What needs to be done —
Of all the lines in the entries below, give again exactly those starting at the line containing "Quarto de hotel" and ending at the line containing "Batidor de bambú", both ends included, and no others.
++++++++++
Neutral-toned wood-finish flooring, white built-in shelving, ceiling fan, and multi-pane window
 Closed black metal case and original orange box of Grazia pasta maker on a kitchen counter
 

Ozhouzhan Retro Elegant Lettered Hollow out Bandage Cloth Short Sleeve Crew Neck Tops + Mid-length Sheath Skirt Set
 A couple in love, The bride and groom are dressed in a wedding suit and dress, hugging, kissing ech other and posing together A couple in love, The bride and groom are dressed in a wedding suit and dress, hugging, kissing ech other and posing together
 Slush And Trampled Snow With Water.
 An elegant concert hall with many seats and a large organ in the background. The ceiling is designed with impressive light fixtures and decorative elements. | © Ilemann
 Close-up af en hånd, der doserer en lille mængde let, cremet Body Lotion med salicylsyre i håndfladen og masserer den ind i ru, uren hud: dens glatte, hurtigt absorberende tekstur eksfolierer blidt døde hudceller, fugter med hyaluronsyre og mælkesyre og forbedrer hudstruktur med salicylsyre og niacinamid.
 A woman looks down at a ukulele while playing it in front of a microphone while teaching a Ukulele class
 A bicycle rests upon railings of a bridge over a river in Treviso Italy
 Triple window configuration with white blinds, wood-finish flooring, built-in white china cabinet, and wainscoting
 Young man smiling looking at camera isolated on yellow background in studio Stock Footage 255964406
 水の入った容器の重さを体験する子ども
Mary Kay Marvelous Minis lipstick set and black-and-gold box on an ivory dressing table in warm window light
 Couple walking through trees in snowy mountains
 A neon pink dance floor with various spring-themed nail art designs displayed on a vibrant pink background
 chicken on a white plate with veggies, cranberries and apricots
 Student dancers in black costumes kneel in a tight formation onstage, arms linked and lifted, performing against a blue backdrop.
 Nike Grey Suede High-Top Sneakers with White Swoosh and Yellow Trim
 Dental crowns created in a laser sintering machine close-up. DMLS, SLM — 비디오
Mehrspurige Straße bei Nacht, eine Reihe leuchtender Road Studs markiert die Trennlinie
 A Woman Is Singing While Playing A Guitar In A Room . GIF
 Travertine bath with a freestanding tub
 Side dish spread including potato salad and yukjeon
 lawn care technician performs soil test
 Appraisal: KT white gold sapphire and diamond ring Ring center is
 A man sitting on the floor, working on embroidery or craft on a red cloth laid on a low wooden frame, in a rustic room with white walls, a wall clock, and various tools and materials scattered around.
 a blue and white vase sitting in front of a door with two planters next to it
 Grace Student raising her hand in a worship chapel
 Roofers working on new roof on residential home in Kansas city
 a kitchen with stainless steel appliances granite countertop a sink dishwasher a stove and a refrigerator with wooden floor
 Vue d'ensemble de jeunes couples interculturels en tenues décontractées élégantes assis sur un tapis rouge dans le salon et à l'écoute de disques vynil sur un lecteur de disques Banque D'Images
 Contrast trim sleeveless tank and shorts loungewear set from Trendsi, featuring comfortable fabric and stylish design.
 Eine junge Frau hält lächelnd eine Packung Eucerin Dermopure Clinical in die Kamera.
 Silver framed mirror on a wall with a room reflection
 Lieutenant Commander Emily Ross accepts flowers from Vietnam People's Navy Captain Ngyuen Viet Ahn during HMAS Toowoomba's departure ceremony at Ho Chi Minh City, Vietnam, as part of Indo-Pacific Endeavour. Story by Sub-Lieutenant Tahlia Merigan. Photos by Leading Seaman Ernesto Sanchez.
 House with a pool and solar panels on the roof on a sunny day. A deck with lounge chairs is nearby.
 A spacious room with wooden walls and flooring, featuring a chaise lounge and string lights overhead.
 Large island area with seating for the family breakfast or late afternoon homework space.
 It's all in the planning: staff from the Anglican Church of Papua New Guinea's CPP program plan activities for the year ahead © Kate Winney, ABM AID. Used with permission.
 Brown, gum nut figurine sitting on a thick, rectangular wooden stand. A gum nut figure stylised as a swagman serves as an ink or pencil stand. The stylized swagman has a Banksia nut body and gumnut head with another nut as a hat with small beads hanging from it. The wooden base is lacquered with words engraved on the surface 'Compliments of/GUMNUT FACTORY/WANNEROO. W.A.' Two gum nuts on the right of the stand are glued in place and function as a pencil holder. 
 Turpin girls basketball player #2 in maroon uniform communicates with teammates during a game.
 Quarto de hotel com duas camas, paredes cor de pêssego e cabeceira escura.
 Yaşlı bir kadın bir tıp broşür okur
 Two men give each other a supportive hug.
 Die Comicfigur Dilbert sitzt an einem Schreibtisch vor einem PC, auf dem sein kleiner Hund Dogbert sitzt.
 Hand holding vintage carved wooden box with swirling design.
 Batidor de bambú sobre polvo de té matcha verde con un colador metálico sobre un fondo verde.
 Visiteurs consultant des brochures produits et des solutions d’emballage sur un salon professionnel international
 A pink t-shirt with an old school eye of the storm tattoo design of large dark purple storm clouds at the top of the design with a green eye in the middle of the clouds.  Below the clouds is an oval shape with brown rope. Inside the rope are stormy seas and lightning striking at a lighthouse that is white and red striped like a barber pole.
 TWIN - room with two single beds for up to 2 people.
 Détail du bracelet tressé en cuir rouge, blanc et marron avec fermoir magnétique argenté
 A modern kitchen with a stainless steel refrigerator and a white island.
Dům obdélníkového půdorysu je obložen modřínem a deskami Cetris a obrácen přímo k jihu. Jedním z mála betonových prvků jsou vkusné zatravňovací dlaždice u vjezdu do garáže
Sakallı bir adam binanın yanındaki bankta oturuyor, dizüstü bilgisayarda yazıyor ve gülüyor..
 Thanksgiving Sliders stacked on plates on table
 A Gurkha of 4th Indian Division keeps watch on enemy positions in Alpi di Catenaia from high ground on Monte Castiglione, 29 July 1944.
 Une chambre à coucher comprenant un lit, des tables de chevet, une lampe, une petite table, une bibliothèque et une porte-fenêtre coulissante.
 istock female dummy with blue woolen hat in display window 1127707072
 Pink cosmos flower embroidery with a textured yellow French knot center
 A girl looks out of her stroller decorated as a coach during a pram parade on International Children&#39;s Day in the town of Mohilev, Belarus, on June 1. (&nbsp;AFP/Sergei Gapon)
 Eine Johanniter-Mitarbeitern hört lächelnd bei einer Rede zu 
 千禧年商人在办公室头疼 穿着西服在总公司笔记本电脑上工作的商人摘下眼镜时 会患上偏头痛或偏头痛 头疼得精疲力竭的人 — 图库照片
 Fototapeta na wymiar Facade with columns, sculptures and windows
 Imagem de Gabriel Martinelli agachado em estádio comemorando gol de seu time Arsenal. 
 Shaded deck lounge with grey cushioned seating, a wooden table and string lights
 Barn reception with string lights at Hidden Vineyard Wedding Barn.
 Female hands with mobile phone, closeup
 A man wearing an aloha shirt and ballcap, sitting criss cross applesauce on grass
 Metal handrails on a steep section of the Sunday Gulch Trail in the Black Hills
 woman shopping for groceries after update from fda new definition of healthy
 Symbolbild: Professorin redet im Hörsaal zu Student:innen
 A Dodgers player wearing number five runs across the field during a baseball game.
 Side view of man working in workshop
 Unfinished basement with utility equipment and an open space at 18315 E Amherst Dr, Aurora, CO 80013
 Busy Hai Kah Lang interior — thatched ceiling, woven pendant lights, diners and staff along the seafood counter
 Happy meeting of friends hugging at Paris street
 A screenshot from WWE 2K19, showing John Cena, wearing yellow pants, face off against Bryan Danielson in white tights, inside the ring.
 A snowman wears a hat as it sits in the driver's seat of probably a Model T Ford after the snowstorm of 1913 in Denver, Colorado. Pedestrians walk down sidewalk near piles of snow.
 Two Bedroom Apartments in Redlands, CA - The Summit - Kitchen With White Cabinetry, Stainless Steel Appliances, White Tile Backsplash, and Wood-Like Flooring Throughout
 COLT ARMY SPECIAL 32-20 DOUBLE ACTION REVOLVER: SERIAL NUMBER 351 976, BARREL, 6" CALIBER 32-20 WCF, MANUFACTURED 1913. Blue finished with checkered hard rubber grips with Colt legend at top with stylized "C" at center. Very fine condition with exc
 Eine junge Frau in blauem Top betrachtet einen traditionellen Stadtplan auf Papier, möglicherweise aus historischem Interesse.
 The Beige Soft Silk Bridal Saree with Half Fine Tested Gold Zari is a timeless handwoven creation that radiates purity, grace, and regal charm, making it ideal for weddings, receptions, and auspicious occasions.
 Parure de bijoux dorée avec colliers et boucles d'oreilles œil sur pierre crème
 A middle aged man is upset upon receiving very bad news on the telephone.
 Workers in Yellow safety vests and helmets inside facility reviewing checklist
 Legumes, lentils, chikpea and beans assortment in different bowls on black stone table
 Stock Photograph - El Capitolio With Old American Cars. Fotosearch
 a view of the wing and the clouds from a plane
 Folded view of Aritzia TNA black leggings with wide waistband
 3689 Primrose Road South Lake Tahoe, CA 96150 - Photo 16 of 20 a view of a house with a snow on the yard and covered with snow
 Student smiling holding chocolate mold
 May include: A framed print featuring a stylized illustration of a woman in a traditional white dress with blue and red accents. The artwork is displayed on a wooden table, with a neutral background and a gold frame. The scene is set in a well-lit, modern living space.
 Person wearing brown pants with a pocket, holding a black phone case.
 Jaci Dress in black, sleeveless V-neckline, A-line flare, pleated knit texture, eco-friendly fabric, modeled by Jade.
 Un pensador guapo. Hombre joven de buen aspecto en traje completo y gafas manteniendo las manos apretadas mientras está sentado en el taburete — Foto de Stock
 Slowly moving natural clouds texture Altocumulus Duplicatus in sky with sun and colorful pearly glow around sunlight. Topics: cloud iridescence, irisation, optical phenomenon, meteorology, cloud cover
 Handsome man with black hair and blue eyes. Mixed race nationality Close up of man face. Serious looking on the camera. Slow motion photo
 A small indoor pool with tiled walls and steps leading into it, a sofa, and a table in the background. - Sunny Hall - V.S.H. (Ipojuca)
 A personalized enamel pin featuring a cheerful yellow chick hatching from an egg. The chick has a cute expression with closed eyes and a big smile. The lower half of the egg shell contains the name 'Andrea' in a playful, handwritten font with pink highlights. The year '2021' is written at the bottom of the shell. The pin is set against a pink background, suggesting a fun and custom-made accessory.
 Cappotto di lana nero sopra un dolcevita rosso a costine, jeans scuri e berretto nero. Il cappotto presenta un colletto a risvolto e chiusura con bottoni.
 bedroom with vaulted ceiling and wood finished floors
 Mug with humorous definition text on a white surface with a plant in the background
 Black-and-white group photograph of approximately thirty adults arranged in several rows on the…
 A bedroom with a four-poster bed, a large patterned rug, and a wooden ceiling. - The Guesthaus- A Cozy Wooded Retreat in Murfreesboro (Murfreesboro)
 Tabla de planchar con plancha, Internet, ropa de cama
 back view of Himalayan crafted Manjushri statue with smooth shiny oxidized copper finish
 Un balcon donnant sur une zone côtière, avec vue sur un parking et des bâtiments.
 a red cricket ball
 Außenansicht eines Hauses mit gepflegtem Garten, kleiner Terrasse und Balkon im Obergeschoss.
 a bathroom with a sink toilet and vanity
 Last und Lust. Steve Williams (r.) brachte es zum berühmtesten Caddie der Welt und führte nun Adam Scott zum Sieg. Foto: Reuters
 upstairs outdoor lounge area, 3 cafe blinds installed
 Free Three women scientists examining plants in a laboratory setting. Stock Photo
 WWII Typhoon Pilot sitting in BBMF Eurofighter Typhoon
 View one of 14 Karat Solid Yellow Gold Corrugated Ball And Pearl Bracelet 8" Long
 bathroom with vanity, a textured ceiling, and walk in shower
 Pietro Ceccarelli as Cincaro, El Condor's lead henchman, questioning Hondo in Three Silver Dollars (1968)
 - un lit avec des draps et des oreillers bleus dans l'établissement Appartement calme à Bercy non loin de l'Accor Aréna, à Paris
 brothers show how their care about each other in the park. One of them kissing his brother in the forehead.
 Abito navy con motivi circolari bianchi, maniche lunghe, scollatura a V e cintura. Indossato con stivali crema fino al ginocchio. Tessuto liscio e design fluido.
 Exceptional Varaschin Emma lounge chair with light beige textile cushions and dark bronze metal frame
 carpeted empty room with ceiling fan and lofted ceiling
++++++++++
Task result —
 Quarto de hotel com duas camas, paredes cor de pêssego e cabeceira escura.
 Yaşlı bir kadın bir tıp broşür okur
 Two men give each other a supportive hug.
 Die Comicfigur Dilbert sitzt an einem Schreibtisch vor einem PC, auf dem sein kleiner Hund Dogbert sitzt.
 Hand holding vintage carved wooden box with swirling design.
 Batidor de bambú sobre polvo de té matcha verde con un colador metálico sobre un fondo verde.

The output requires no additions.